Questo a prescindere dall’intensità dell’ultimo terremoto che, secondo gli esperti, è stata modesta. “Il sisma del 15 aprile scorso non deve preoccupare affatto – sottilinea Marco Neri, vulcanologo dell’Istituto Nazionale di geofisica e vulcanologia -. Si è trattato di un sisma di energia modesta con epicentro relativamente profondo (circa 33 km), ed epicentro a circa 40 km di distanza dalla costa orientale della Sicilia. Tutte condizioni che non possono causare alcun danno ai manufatti, né generare maremoti” – prosegue. La faglia interessata dall’ultimo terremoto è la cosiddetta ‘faglia Alfeo’”.

“Si tratta di una struttura tettonica rilevante, lunga un centinaio di chilometri, che disloca il fondale marino in un tratto contiguo ad un’altra faglia di ben altre dimensioni e pericolosità: la ‘Scarpata di Malta’ – continua Neri -. Quest’ultima faglia, lunga oltre trecento chilometri, disloca il fondale marino producendo una scarpata subverticale alta fino a tremila metri e quando si muove può produrre terremoti (e tsunami) devastanti, come la storia sismica del nostro Paese tristemente insegna.

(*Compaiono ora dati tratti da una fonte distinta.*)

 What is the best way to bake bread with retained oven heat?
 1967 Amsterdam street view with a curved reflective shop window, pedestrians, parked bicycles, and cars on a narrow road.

Insomma, il sisma dello scorso 15 aprile non rappresenta caratteristiche tali da doverci preoccupare, poiché rappresenta un evento tutto sommato ‘normale’ nel contesto tettonico di quel tratto di crosta terrestre”. L’ultimo sisma percepito dalla popolazione non è stato dunque tale da preoccupare gli esperti, ma resta uno dei tanti segnali che richiederebbero azioni concrete da parte di politici e amministratori. “Il suo accadimento “– continua Marco Neri – deve rendere più consapevoli le popolazioni siciliane del pericolo potenziale che si cela sui fondali del Mare Ionio, solcato da faglie sismogenetiche che in passato hanno prodotto eventi sismici ben più potenti. Quindi, più che preoccuparci, dovremmo ‘occuparci’ di rendere le nostre abitazioni più sicure, ovvero più resistenti al sisma che verrà. Inoltre, il sisma non dovrebbe neanche avere alcuna conseguenza sul vulcanismo etneo, molto distante dall’area epicentrale”. A contribuire a mitigare il rischio sismico, negli anni, sono intervenute misure diverse, alcune molto efficaci che andrebbero sfruttare in pieno proprio per la sicurezza degli edifici. La più recente, il bonus 110%, potrebbe rappresentare la vera svolta. “Questo contributo insieme a quello ‘rinforzato’ (110%+50%) per le zone terremotate, rappresentano una formidabile occasione per rendere le abitazioni più sismo-resistenti – conclude Neri. Andrebbe sfruttato meglio e capillarmente dalle popolazioni che vivono in Sicilia orientale, proprio perché risiedono in un territorio.